(WHAT YOU ARE ASKED TO DO):
Starting with the line that has "Obviously this is" in the records below and stopping after the line that has "Hello, my name", output every line exactly and nothing else; skip pictures.
##### EXTRACTED RECORDS #####
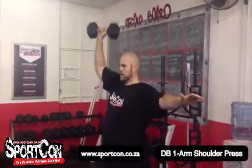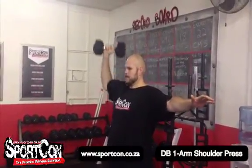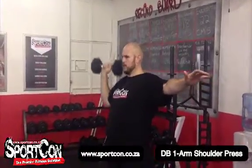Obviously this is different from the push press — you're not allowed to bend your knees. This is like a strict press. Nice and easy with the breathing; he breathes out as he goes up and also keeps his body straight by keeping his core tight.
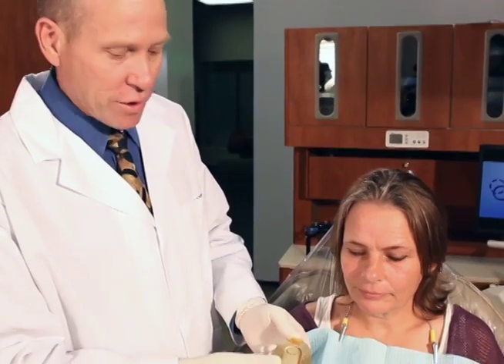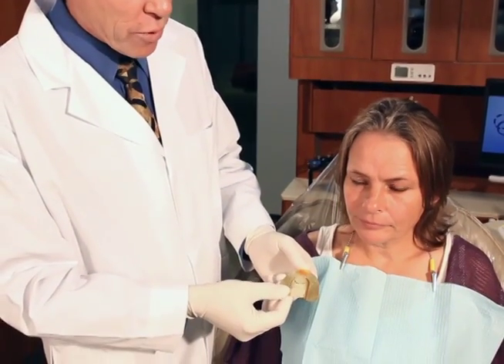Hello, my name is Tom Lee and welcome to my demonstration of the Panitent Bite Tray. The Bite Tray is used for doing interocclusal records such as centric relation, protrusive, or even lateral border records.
#####
##### EXTRACTED RECORDS #####
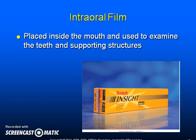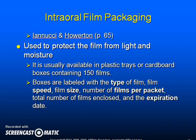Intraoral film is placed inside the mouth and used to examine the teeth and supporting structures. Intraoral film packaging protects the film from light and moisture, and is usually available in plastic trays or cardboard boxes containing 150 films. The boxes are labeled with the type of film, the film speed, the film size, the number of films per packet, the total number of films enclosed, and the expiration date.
#####
(WRITTEN ANSWER):
Obviously this is different from the push press — you're not allowed to bend your knees. This is like a strict press. Nice and easy with the breathing; he breathes out as he goes up and also keeps his body straight by keeping his core tight.
Hello, my name is Tom Lee and welcome to my demonstration of the Panitent Bite Tray. The Bite Tray is used for doing interocclusal records such as centric relation, protrusive, or even lateral border records.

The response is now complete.